У папы места сколько угодно. Он живет в Шотландии, неподалеку от Авимора, в доме с шестью спальнями. Один. В прошлый раз, вернувшись от папы, Уилл сказал мне: «Он тоскует, Айса. Собрались бы вы с Оуэном, навестили бы его. Знаешь, как он был бы рад?»
А мы все не могли вырваться. На выходные ехать – слишком далеко, целых девять часов придется провести в дороге. До рождения Фрейи времени совсем не было – то работа, то отпуск (святое дело), то ремонт в квартире. Потом – беременность, когда поездки вообще не рекомендованы. Ну и с новорожденным младенцем, или просто с младенцем, путешествовать – себе дороже.
Разумеется, когда Фрейя родилась, папа приезжал на нее посмотреть. Но сама я к нему не ездила целых… шесть лет? Невозможно. Наверное, я неправильно посчитала. Нет, все точно. А самое ужасное – даже и визит шестилетней давности случился исключительно потому, что нас пригласили на свадьбу в Инвернесс, и неприлично было не заскочить к папе, раз уж мы оказались так близко от его дома.
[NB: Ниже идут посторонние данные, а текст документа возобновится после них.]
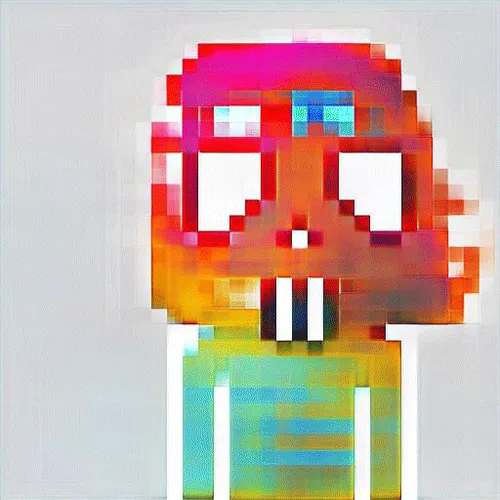 Item #38543999587180483086453667688708911953853707150137941511194370252995735584769 Media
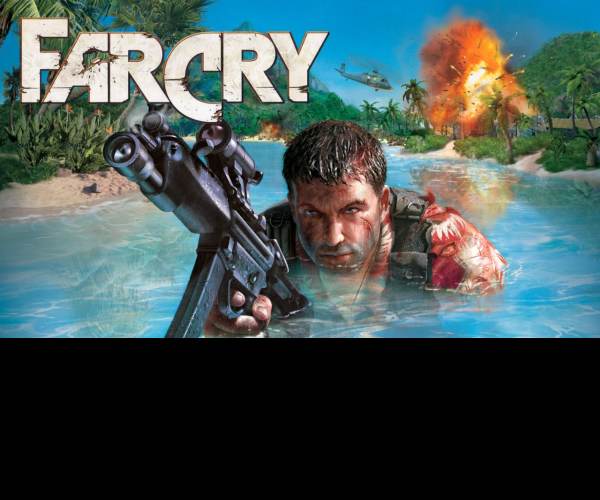 Far Cry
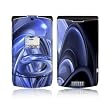 Max Volume Design Protective Skin Decal Sticker for Motorola RAZR V3xx Cell Phones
Дело не в самом папе – вот что надо ему внушить. Дело не в нем, я его люблю, и все такое. Проблема – в его горе. Оно словно провал между нами, возникший после маминой смерти. Год за годом видеть это горе значило растравлять собственную рану. Наши отношения, наша любовь держались на маме, а с ее уходом остались только двое безутешных, неспособных помочь друг другу людей.
Но папа меня примет. Пустит на неопределенный срок. Мало того – он, единственный из всех, будет рад это сделать.
Еле-еле успеваю к семи одеться и с Фрейей на руках спуститься в кухню. Из высоких окон открывается вид на Рич. Начался отлив. Поток пресной воды выделяется на фоне морской, кажется узким, не шире ручья. Берег обнажается. Почти слышно, как поскрипывает песок. Мелкая живность – моллюски, устрицы, черви-пескожилы – ретируется в свои убежища в ожидании прилива.
Кейт еще в постели – по крайней мере, в кухню явно не спускалась. Не могу сдержать вздох облегчения. Мы с Фрейей – одни. Беру турку – она холодная, ею не пользовались со вчерашнего дня. То и дело поднимаю взгляд на лестницу, смотрю туда, где ночью маячило призрачно-белое лицо Кейт. Удастся ли мне забыть это лицо? Что оно выражало? Гнев? Ужас? Или другое чувство?
Тереблю волосы, словно это поможет понять поведение Кейт. Люка она не любит, доверия к нему не испытывает. Это у них взаимно, тут вроде я разобралась. Но зачем было прятаться в темноте и следить за нами? Почему Кейт не окликнула меня, не предостерегла от ошибки – ведь, по ее мнению, я совершала ошибку? Почему Кейт предпочла остаться в тени – уж не потому ли, что и у нее есть тайна?